**Work request**
Write out again only the lines that run from the start of the entries to the line containing "فستان سهره وردي", both included.

**Supplied records**
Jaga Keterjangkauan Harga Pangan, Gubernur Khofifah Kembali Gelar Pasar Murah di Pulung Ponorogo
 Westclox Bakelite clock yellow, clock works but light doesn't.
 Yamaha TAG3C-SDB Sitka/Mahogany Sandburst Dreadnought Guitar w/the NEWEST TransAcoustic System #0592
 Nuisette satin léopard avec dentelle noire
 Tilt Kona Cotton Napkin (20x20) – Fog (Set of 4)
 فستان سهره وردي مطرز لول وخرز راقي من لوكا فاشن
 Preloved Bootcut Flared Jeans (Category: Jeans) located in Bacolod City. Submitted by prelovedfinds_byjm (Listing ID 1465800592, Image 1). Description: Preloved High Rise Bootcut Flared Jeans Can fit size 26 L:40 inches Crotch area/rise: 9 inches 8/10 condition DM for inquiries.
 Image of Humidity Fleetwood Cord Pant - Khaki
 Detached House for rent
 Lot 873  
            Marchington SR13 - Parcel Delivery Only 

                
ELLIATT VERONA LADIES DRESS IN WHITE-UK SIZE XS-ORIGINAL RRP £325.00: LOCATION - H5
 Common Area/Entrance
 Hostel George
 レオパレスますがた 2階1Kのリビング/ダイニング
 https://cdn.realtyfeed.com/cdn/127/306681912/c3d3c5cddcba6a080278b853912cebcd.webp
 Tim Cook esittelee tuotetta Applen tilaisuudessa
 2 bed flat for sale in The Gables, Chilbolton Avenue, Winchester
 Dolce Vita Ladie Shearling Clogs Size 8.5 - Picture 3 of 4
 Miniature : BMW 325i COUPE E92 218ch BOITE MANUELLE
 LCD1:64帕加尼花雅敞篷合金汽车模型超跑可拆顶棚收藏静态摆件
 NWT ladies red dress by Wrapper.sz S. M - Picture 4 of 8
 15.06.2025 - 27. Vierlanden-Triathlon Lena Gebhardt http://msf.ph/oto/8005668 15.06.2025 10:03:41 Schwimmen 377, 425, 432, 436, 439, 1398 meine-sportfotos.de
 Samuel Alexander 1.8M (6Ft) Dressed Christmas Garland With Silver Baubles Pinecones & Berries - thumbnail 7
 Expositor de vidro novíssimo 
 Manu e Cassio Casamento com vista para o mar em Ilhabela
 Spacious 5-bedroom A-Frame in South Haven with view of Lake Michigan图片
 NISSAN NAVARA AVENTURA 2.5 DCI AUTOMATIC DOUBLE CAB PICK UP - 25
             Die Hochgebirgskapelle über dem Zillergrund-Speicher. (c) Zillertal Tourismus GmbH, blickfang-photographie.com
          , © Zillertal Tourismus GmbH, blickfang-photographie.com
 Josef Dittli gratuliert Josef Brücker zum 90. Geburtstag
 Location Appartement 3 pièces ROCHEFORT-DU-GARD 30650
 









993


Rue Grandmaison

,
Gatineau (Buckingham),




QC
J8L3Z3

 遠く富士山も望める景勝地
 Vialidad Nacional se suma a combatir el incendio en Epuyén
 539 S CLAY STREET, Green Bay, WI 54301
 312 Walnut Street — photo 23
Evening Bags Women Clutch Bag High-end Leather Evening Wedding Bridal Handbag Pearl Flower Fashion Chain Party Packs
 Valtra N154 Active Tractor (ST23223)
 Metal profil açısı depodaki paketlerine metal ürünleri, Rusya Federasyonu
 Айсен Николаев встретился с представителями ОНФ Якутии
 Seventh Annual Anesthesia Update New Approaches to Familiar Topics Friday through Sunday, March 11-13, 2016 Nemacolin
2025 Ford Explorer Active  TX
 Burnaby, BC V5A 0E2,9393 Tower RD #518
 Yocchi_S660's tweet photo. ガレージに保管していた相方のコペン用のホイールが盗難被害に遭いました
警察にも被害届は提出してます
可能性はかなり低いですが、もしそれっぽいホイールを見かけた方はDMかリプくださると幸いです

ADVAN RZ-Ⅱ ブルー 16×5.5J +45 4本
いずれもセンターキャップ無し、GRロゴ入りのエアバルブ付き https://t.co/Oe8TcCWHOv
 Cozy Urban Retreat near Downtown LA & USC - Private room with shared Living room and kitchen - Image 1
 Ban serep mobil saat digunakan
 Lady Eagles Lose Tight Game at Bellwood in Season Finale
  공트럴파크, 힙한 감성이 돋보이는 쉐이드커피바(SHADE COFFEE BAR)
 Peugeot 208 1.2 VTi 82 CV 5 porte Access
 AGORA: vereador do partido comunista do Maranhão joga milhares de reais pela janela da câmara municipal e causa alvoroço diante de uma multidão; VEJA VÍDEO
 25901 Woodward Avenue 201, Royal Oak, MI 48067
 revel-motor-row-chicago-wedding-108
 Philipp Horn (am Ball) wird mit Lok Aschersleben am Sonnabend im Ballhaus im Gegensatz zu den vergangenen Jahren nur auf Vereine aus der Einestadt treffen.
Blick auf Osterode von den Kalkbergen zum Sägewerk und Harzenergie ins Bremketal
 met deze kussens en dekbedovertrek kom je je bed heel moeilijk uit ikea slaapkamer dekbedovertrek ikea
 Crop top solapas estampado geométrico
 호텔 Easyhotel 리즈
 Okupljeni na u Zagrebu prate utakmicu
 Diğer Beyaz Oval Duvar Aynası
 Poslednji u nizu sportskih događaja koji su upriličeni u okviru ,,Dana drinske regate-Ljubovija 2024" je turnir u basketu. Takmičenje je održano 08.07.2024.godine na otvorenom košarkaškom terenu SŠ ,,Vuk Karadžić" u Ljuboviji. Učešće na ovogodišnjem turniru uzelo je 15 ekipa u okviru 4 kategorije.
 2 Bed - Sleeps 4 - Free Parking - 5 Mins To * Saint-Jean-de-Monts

**Expected answer**
Jaga Keterjangkauan Harga Pangan, Gubernur Khofifah Kembali Gelar Pasar Murah di Pulung Ponorogo
 Westclox Bakelite clock yellow, clock works but light doesn't.
 Yamaha TAG3C-SDB Sitka/Mahogany Sandburst Dreadnought Guitar w/the NEWEST TransAcoustic System #0592
 Nuisette satin léopard avec dentelle noire
 Tilt Kona Cotton Napkin (20x20) – Fog (Set of 4)
 فستان سهره وردي مطرز لول وخرز راقي من لوكا فاشن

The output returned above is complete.